- **ASSIGNED TASK**
A faithful copy of the data below is required, leaving out every picture.
*** GIVEN INFORMATION ***
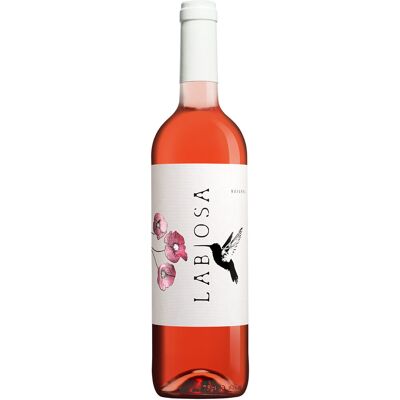 Labiosa Rosado 2025 13% Vol. Roséwein Trocken aus Spanien Labiosa Rosado 2025 13% Vol. Roséwein Trocken aus Spanien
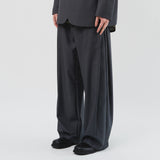 Nell Wide Trousers (2color)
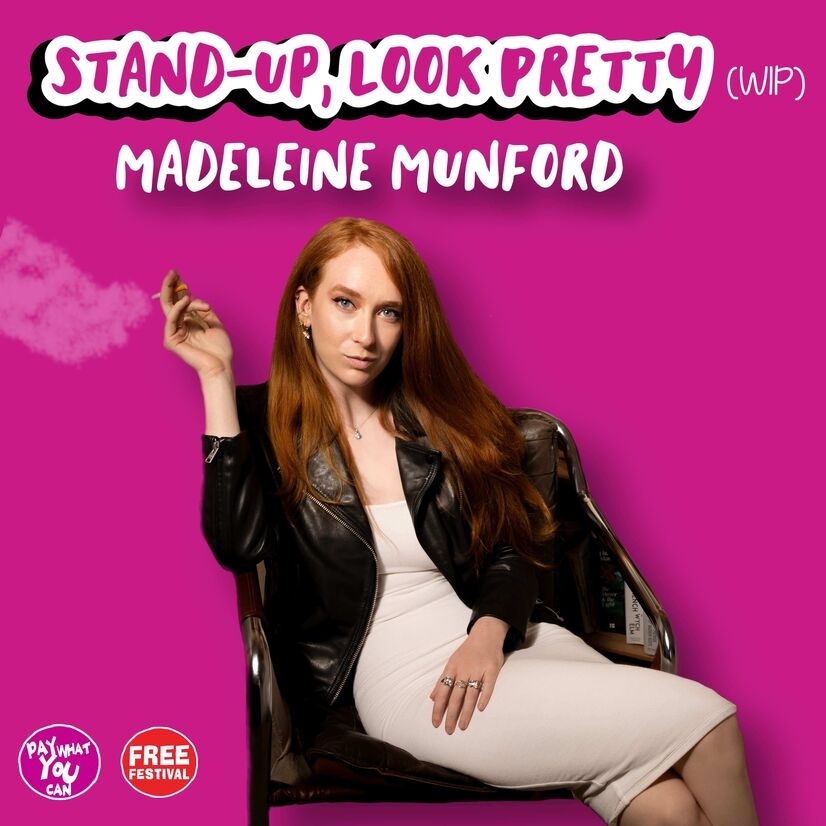 Stand-Up, Look Pretty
*** End of GIVEN INFORMATION ***
- **SOLUTION**
 Labiosa Rosado 2025 13% Vol. Roséwein Trocken aus Spanien Labiosa Rosado 2025 13% Vol. Roséwein Trocken aus Spanien
 Nell Wide Trousers (2color)
 Stand-Up, Look Pretty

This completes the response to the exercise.